Urschel Nodal Domains via Perturbation Theory

TL;DR

This paper establishes new Courant nodal domain theorems for generalized Laplacians on graphs using perturbation theory and an invariant called the Urschel number, providing refined bounds and classifications of eigenvector zeroes.

Contribution

It introduces refined invariants based on Urschel's number, classifies zeroes of eigenvectors, and extends nodal domain theorems for graphs with multiplicities.

Findings

Existence of orthogonal eigenvectors with bounds on Urschel numbers

Classification of zeroes as shallow or deep for simple eigenvalues

Bound on maximum nodal domains when no deep vertices are present

Abstract

We prove several types of Courant nodal domain theorems for generalized Laplacians on graphs, based on an invariant introduced by Urschel, which we call the "Urschel number", denoted ${\rm UN}({\bf f})$, of an eigenvector ${\bf f}$. We refine Urschel's invariant, and use perturbation techniques to obtain some new results.

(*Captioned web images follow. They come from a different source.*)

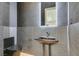 Modern powder room featuring geometric tile walls, a sleek pedestal sink, and a black toilet at 8649 Robinson Ridge Dr, Las Vegas, NV 89117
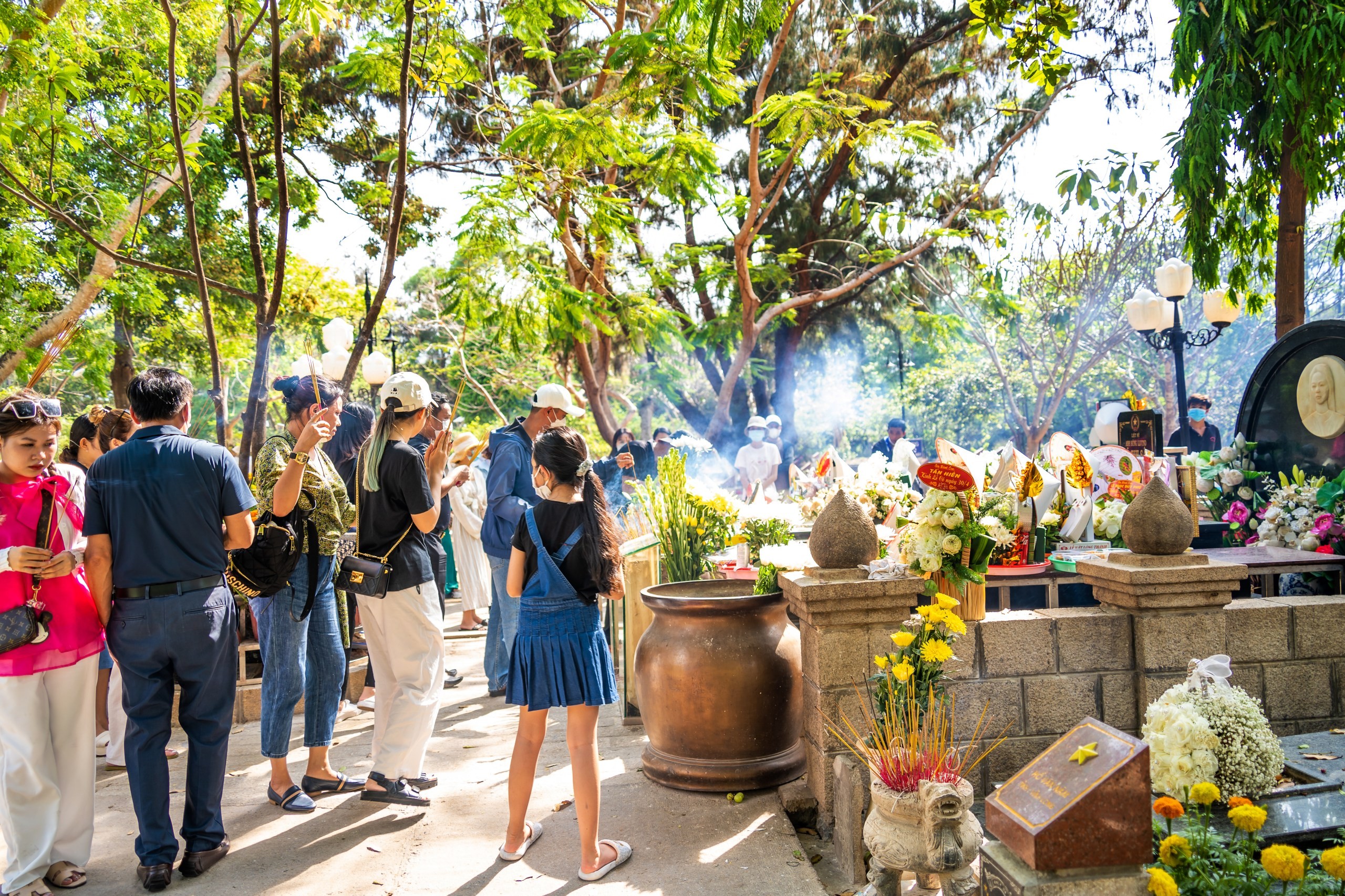 Vistiors at the cemetery on Con Dao island, Vietnam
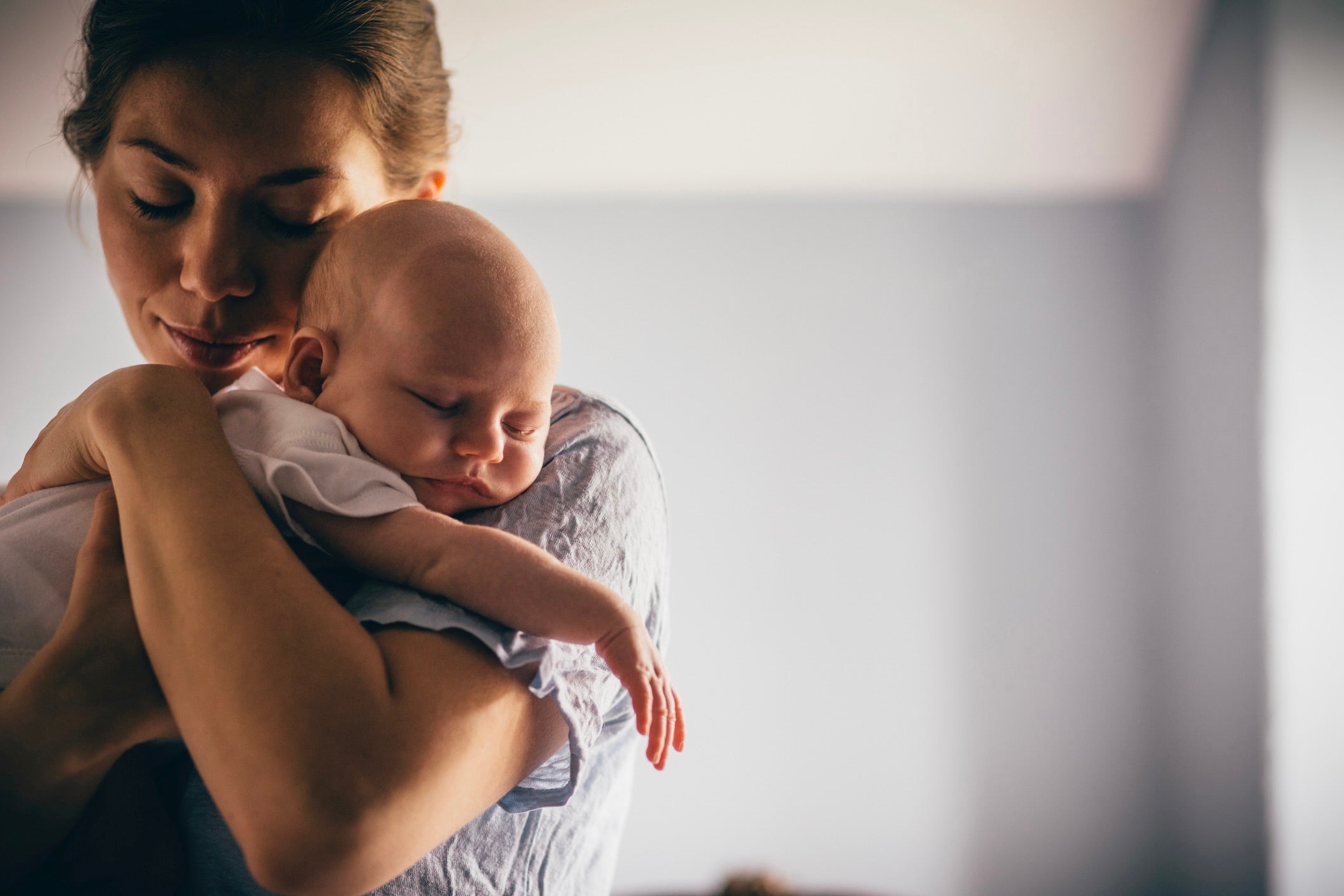 Mother lovingly holding her sleeping baby on her shoulder, gently leaning her head against the infant in a tender embrace — symbolizing comfort, safety, and the bond of baby care.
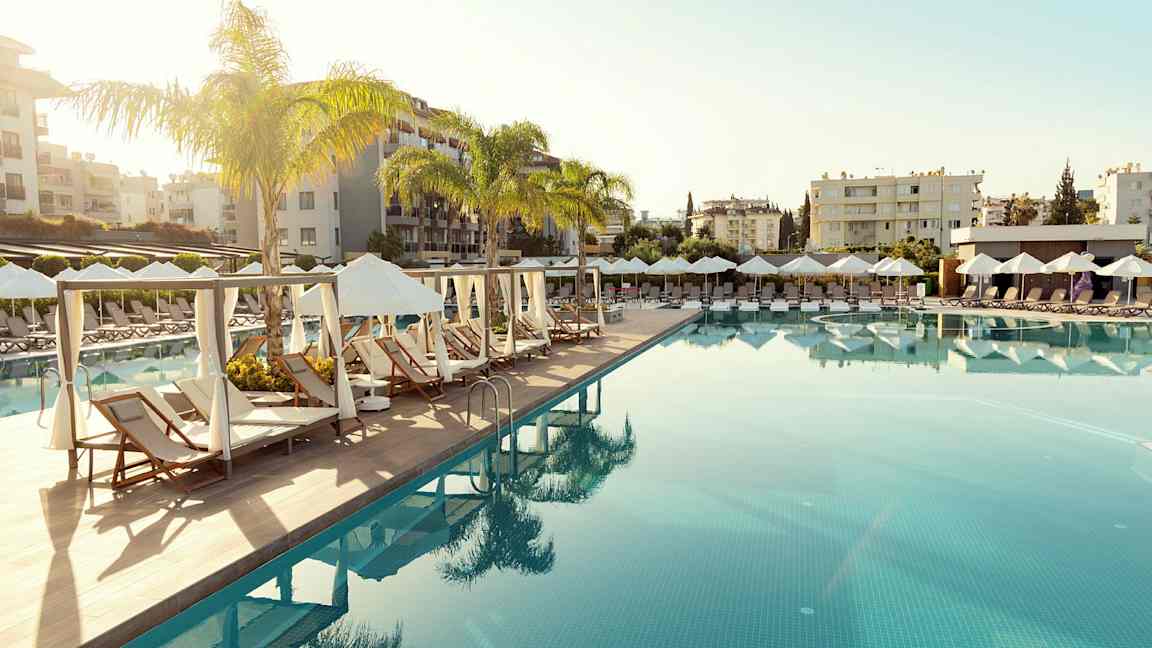 Et svømmebasseng med solsenger og parasoller i en feriestedmiljø. (AI-generert tekst)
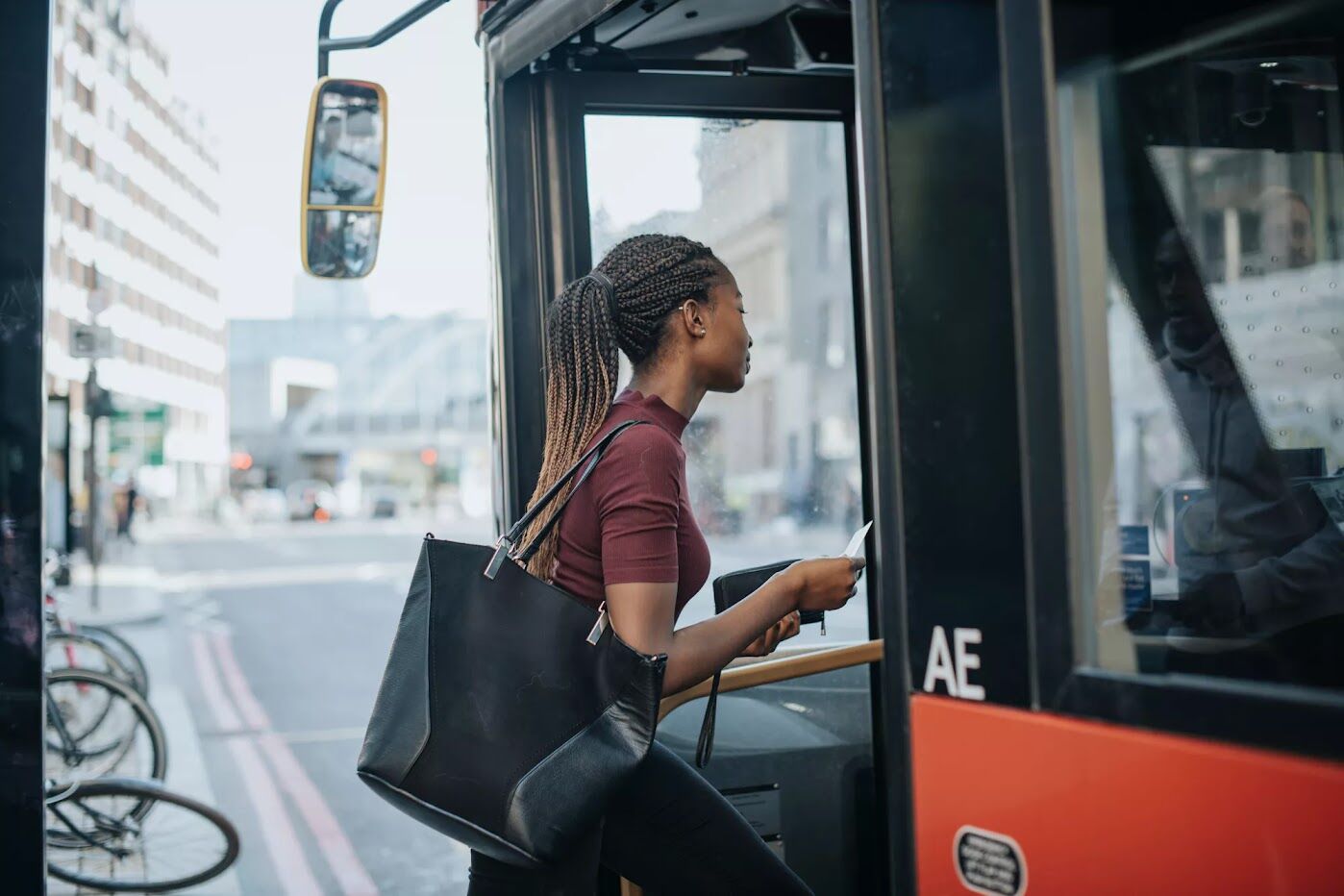 Young girl entering a bus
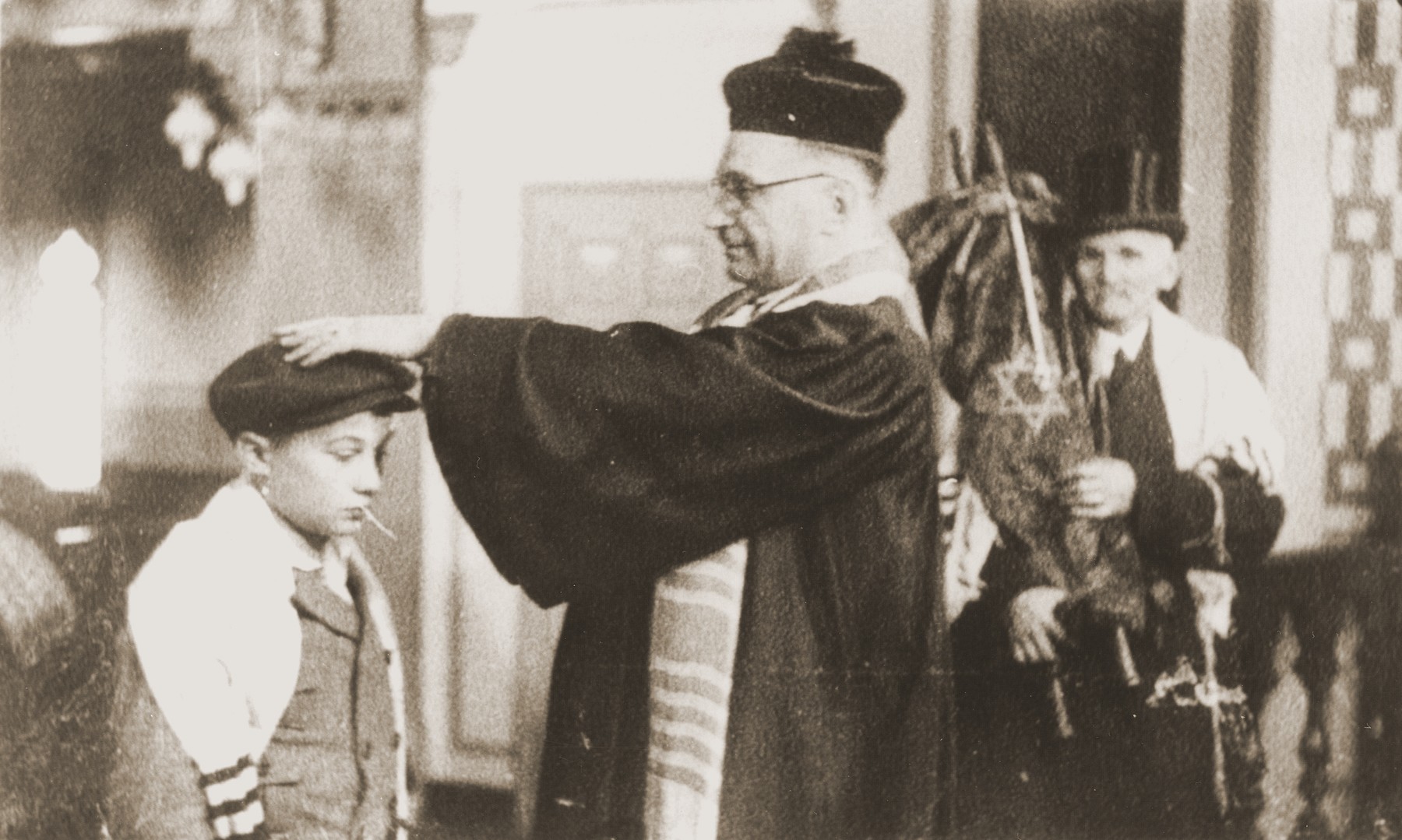 At the liberal Zerrennerstrasse synagogue in Pforzheim, Cantor Hermann Levy blesses Siegbert Levy during his bar mitzvah, while Siegbert's great-uncle (holding the Torah scroll) looks on.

First, we show the existence of mutually orthogonal eigenvectors, such that if the $k$-th eigenvalue has multiplicity $m$, then for $0\le j\le m-1$, ${\rm UN}({\bf f}_{k+j})\le k+\min(j,(m-1)-j)$. Second, for a simple $k$-th eigenvalue, we classify the zeroes of ${\bf f}_k$ as either "shallow or "deep"; we obtain a number of results that say, roughly speaking, the more shallow vertices ${\bf f}_k$ has, the more control we have over our new invariants based on Urschel's. Our new invariants of an eigenvector, ${\bf f}_k$, are a sequence of integers whose minimum value is ${\rm UN}({\bf f}_k)$ and whose maximum, denoted ${\rm UN}_{\max{}}({\bf f}_k)$, is the maximum number of nodal domains of any possible positive/negative signing or "charge" of the zeroes of ${\bf f}_k$. An example of our second type of result is that if ${\bf f}_k$ has no deep vertices, then ${\rm UN}_{\max{}}({\bf f}_k)\le k$. We provide a number of examples to illustrate our main results, and how they differ from the situation in analysis. We also describe a minor improvement of the Gladwell-Zhu theorem for an orthonormal eigenbasis in the presence of eigenvalues of sufficient multiplicity.